AÇÃO DOS BANCOS CENTRAIS NÃO CHEGA
A relação entre a política monetária, prosseguida pelos bancos centrais, e a política orçamental e económica a cargo dos governos tem sido um ponto de polémica.
O FMI recorda o que tem dito: “A política monetária só por si não será suficiente para eliminar os hiatos do produto e conseguir-se um crescimento equilibrado e sustentável. Uma política orçamental amiga do crescimento é, por isso, essencial, calibrada em função do espaço disponível em cada país”, refere o documento.

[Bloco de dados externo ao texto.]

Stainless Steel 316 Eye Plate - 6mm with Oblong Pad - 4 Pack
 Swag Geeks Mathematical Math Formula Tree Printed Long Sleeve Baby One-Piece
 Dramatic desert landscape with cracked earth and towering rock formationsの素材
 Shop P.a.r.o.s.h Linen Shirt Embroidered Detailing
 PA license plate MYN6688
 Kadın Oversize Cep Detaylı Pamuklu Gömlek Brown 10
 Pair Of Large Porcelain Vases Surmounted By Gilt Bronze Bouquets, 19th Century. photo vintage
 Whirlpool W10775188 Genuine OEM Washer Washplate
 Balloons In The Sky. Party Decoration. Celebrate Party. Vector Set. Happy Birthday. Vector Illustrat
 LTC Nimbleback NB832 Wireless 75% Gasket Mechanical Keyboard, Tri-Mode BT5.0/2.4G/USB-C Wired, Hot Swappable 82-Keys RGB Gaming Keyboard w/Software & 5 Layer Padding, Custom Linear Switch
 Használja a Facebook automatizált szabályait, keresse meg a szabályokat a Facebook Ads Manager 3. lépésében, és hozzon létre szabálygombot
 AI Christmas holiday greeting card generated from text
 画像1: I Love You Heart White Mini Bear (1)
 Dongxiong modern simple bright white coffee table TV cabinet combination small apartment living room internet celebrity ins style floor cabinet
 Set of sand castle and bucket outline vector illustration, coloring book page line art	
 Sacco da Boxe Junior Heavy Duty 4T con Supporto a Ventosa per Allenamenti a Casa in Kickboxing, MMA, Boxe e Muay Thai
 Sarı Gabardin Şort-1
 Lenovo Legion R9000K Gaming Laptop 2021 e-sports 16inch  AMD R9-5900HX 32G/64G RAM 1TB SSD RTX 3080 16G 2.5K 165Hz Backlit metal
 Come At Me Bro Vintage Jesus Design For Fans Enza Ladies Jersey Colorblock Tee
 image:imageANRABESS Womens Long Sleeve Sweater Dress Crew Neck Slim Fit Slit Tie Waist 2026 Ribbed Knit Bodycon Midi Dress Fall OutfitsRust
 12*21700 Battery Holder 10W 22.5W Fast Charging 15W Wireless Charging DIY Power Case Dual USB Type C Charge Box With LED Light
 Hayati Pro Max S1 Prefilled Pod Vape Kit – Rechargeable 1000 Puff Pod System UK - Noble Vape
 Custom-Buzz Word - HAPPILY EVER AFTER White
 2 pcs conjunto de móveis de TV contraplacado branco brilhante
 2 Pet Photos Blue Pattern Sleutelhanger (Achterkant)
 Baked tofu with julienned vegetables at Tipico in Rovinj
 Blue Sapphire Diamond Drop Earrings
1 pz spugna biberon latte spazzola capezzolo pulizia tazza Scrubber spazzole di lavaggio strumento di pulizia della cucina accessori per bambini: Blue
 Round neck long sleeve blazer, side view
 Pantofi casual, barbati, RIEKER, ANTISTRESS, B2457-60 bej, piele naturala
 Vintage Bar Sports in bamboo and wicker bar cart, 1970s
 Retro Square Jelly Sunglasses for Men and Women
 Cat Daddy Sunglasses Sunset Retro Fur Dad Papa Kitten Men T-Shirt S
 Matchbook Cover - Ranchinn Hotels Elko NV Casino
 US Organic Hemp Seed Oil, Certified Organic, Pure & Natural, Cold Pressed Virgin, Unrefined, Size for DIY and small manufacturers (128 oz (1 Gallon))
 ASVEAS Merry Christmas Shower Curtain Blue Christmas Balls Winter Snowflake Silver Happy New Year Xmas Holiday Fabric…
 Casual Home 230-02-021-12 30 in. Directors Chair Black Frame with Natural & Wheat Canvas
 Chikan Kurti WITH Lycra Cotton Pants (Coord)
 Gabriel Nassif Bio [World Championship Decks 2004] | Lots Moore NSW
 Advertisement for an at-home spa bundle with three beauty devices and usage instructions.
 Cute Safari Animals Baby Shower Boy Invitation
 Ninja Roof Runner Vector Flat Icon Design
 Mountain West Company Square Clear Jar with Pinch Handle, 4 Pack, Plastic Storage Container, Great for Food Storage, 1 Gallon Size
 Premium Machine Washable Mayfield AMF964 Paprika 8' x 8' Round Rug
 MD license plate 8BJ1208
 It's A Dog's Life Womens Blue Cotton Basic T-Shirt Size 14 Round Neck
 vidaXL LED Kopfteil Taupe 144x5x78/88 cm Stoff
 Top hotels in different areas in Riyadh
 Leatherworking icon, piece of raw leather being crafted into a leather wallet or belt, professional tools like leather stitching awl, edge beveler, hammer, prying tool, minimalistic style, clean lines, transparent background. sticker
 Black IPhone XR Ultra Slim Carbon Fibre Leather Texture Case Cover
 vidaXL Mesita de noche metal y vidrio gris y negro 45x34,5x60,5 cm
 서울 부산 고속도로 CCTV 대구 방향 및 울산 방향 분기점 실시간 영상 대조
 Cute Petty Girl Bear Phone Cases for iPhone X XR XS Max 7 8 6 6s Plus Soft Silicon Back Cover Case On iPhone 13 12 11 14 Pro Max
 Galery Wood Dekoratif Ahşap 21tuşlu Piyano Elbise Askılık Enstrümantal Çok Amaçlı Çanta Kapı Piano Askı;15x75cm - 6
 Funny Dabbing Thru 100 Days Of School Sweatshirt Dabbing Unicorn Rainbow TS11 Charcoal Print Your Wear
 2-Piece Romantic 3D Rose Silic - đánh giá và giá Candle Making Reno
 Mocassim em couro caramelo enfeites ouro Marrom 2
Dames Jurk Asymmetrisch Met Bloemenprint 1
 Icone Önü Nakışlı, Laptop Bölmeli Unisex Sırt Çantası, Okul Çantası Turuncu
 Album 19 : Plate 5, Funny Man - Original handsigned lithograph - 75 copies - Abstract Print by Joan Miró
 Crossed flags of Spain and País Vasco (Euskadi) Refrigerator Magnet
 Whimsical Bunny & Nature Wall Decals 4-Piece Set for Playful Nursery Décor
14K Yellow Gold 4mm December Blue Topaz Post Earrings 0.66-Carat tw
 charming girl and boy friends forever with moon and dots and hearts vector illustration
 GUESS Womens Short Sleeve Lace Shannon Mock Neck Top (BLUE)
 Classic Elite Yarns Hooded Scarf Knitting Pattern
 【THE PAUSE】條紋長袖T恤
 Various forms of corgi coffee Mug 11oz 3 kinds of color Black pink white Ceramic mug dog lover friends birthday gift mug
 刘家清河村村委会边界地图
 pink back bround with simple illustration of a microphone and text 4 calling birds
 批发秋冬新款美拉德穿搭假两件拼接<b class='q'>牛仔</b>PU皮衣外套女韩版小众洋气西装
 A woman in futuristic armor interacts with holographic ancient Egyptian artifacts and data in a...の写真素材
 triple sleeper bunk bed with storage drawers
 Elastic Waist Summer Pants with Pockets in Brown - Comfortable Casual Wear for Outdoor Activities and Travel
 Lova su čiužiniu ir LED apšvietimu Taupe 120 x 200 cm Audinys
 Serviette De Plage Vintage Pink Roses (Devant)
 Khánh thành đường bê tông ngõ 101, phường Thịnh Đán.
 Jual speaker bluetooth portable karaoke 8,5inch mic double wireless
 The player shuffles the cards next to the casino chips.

Na Zona Euro é particularmente importante “suplementar” a ação do Banco Central Europeu (BCE), chamou à atenção o economista-chefe do Fundo. “Se o BCE mantém o seu mandato de atingir a meta de cerca de 2% de inflação, isso é muito difícil de alcançar sem uma inflação mais alta em alguns dos países que têm hiatos do produto pequenos ou que não os têm. Isso vai exigir mais em termos de um impulso à procura nesses países”, sublinhou. A observação foi feita em resposta a uma pergunta que indagava se a Alemanha e a Holanda eram destinatárias da recomendação do FMI.
Obstfeld crescenta, ainda, a atuação na correção dos balanços dos bancos e das empresas, um uso mais proactivo das políticas macroprudênciais, e a implementação de reformas estruturais.